La société Grass a déposé un contredit de compétence le 21 mars 2013 auprès du greffe du tribunal de commerce, parvenu à la cour le 25 mars suivant. Les parties ont été convoquées par lettre recommandée avec accusé de réception à l'audience du 21 mai 2013.
Entre-temps, par jugement du 10 avril 2013, le redressement judiciaire de la société Arena a été converti en liquidation judiciaire et la Selarl Sarthe mandataire prise en la personne de Me Boudevin a été désignée en qualité de mandataire liquidateur à cette liquidation judiciaire.
Par arrêt du 2 juillet 2013, notre cour, relevant qu'en écartant la clause d'electio juris en faveur de la loi autrichienne le tribunal avait statué au fond, a déclaré irrecevable le contredit formé par la société Grass, dit que le recours devait être exercé par la voie de l'appel, constaté que la cour demeurait saisie de ce chef, l'affaire étant instruite et jugée selon les règles applicables à l'appel formé contre les jugements, invité la société Grass à faire acte de constitution dans le mois de l'avis qui lui serait donné par le greffe sous peine d'entendre déclarer d'office son appel irrecevable, dit n'y avoir lieu à l'application de l'article 700 du Code de procédure civile et réservé les dépens.
Les parties ont constitué avocat et ont conclu.
Une ordonnance rendue le 15 janvier 2014 a clôturé la procédure.
MOYENS ET PRETENTIONS DES PARTIES :
Les dernières conclusions, respectivement déposées les 9 décembre 2013 pour la société Grass et 10 octobre 2013 pour la société Arena représentée par la Selarl Sarthe mandataire prise en la personne de Me Boudevin mandataire liquidateur à la liquidation judiciaire, auxquelles il conviendra de se référer pour un plus ample exposé des moyens et prétentions des parties, peuvent se résumer ainsi qu'il suit.
La société Grass demande à la cour, au visa du règlement CE 44-2001 du 22 décembre 2000, des articles 75 et 96 du Code de procédure civile, de l'article 30 du Code civil, des articles 3, 138, 139 et 142 du Code de procédure civile et du principe de loyauté dans la preuve civile, d'ordonner la production aux débats par la Selarl Sarthe mandataire ès qualités de l'exemplaire original des factures, confirmations de commande et bons de livraison produits par elle dans la présente instance sous les numéros n° 9 à 32, au visa des articles 80 et 96 du Code de procédure civile, de la déclarer recevable et bien fondée en son appel, en conséquence, d'infirmer le jugement déféré, de dire que le Tribunal de commerce du Mans est incompétent ratione loci, de dire que le Tribunal autrichien de Feldkirch est compétent pour connaître du litige, de dire le droit autrichien applicable et de renvoyer la Selarl Sarthe mandataire ès qualités à mieux se pourvoir.

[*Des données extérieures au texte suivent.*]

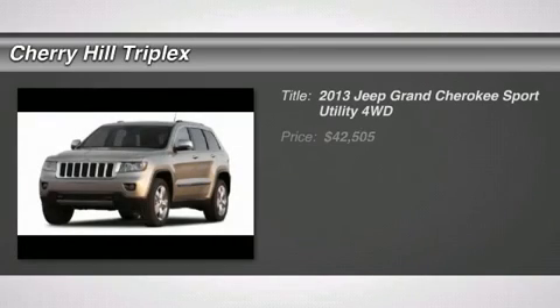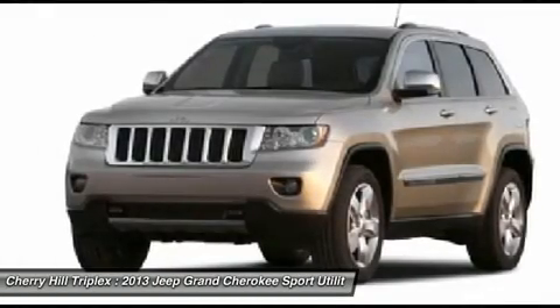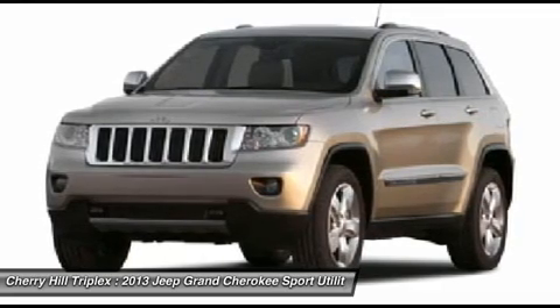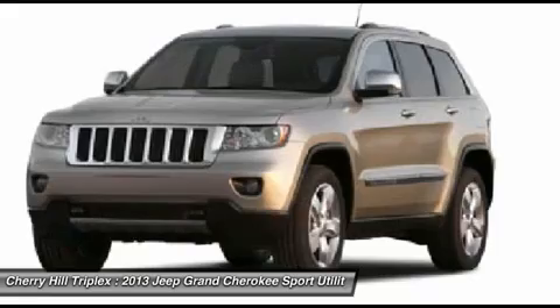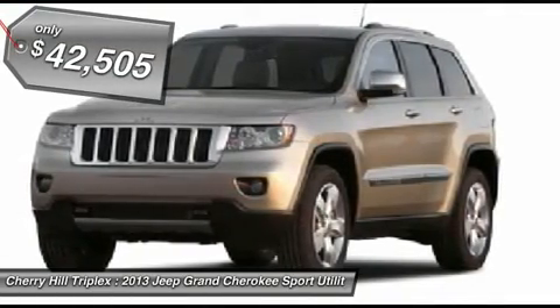The 2013 Jeep Grand Cherokee offers superior off-road capability comparable to that of the upscale Land Rover LR3. This makes the Grand Cherokee a fine choice for families who venture off-road or vacation in the mountains or other remote areas, and is priced below $45,000.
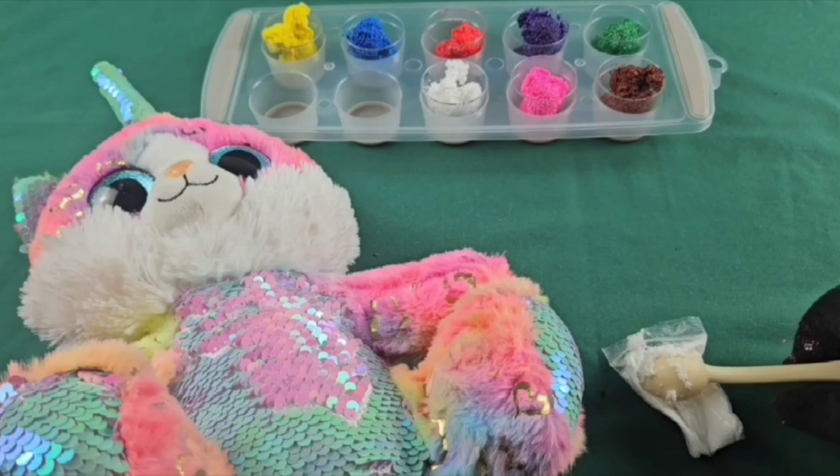Can you guess the next color? Black! Black is a shade, and it's not one of the colors in the rainbow. Whoo, that was a giant one — and that came out nice and well. One scoop, two scoops. Black.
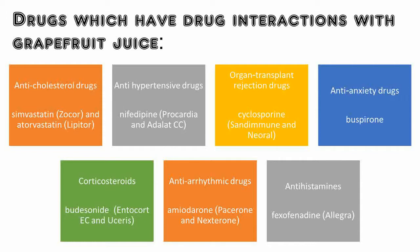Some drugs that treat high blood pressure, such as nifedipine, available in the market as Procardia and Adalat CC. Some organ transplant rejection drugs, such as cyclosporine. Some drugs that treat abnormal heart rhythms, such as amiodarone, available in the market as Pacerone and Nexterone. Some antihistamines, such as fexofenadine, available in the market as Allegra.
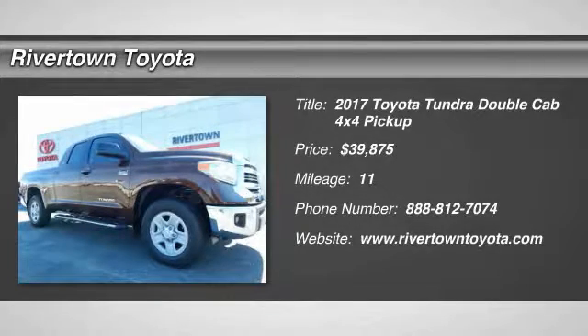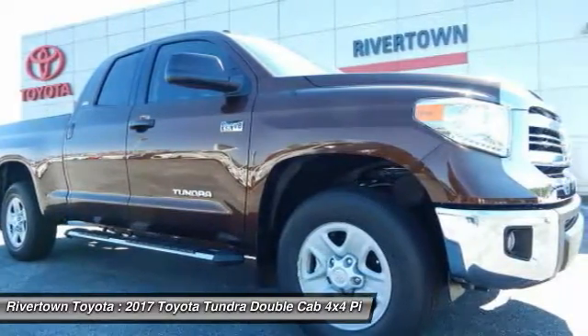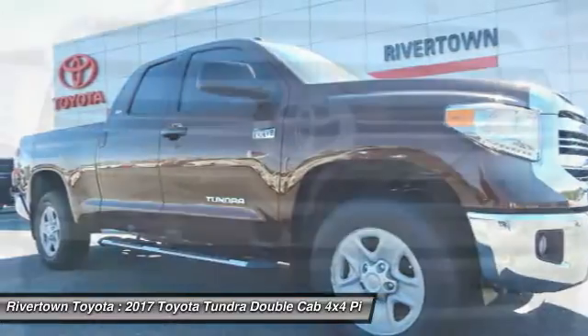2017 Tundra. The Tundra has a number of unique features useful for those using it as a work truck, including extra large door handles, a deck rail system, and an integrated tow hitch.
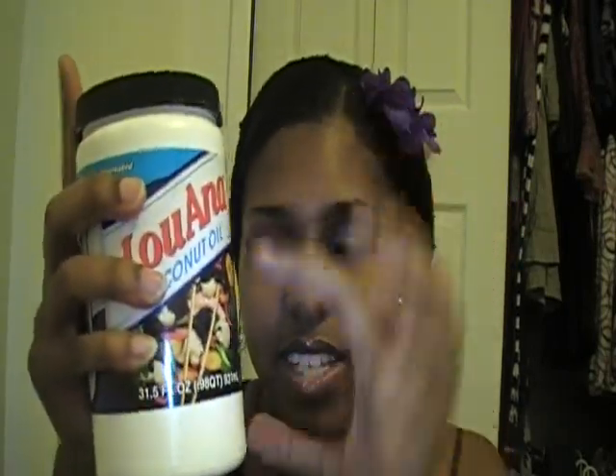I also went and picked up some Luana coconut oil from Walmart. I went to the health food store and I looked at their coconut oil and it was like $15. I came across this by accident at Walmart and it was like $5 something. And it's way bigger — at health food stores it's like half the size of this.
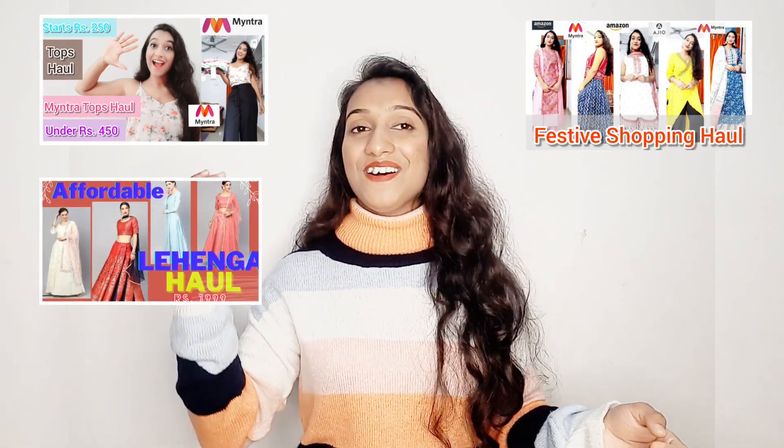Also, if you want to watch other collections like Sharara Haul, Kurti Haul, Lehenga Haul, or some lifestyle tips, you can check those out too. If you're interested, I'm sure you're going to love those videos. See you in my next video — bye-bye, take care.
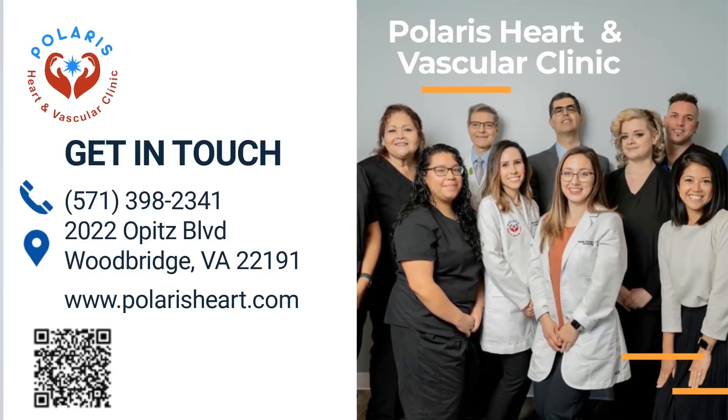At Polaris Heart and Vascular Clinic, we are committed to providing you with the highest quality cardiovascular care in a comfortable and caring environment in our office at Opitz Boulevard, Woodbridge, Virginia. Visit us at PolarisHeart.com or call us from 9 a.m. to 5 p.m. on weekdays at 571-398-2341.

Dans l'hypothèse où la cour confirmerait le jugement et déciderait de faire application des dispositions de l'article 89 du Code de procédure civile, la société Grass lui demande de lui enjoindre de conclure au fond et de condamner la Selarl Sarthe mandataire ès qualités à lui verser la somme de 15 000 euros sur le fondement de l'article 700 du Code de procédure civile, outre les entiers dépens.
Elle insiste, à titre liminaire, sur le fait qu'elle a vainement demandé la production par l'intimée de l'original de certaines pièces qu'elle ne détient plus qu'en copie, et sur lesquelles figurent au verso les conditions générales incluant une clause attributive de juridiction et une clause d'electio juris.
Elle se prévaut, en effet, à titre principal, de la clause d'attribution de juridiction convenue entre les parties dans une annexe du contrat de distribution qu'elles ont conclu le 20 octobre 2005 et qui renvoie expressément à ses conditions générales de vente et, à titre subsidiaire, de la clause d'attribution de juridiction figurant dans ses conditions générales de vente et rappelée au verso de tous ses documents contractuels (commandes, factures, bons de livraison ) et sur son site internet en langue française, en soutenant que ces conditions générales étaient connues et acceptées par la société Arena avant même la signature du contrat de distribution. Elle ajoute que la clause d'attribution de juridiction est rédigée en termes très généraux et donne compétence à la juridiction autrichienne pour statuer sur tous les différends susceptibles de s'élever entre les parties. Elle rappelle que la clause attributive de juridiction est prévue par le règlement 44-2001 en son article 23 et qu'elle est d'un usage courant en matière de commerce international, et plus particulièrement dans son secteur d'activité, ainsi que le démontrent les pièces contractuelles qu'elle produit émanant de ses concurrents.
Plus subsidiairement encore, elle soutient que l'application de la présomption de l'article 4.2 de la Convention de Rome et des dispositions de l'article 5-1 a) du règlement CE 44-2001 du 22 décembre 2000 donnent encore compétence à la juridiction autrichienne.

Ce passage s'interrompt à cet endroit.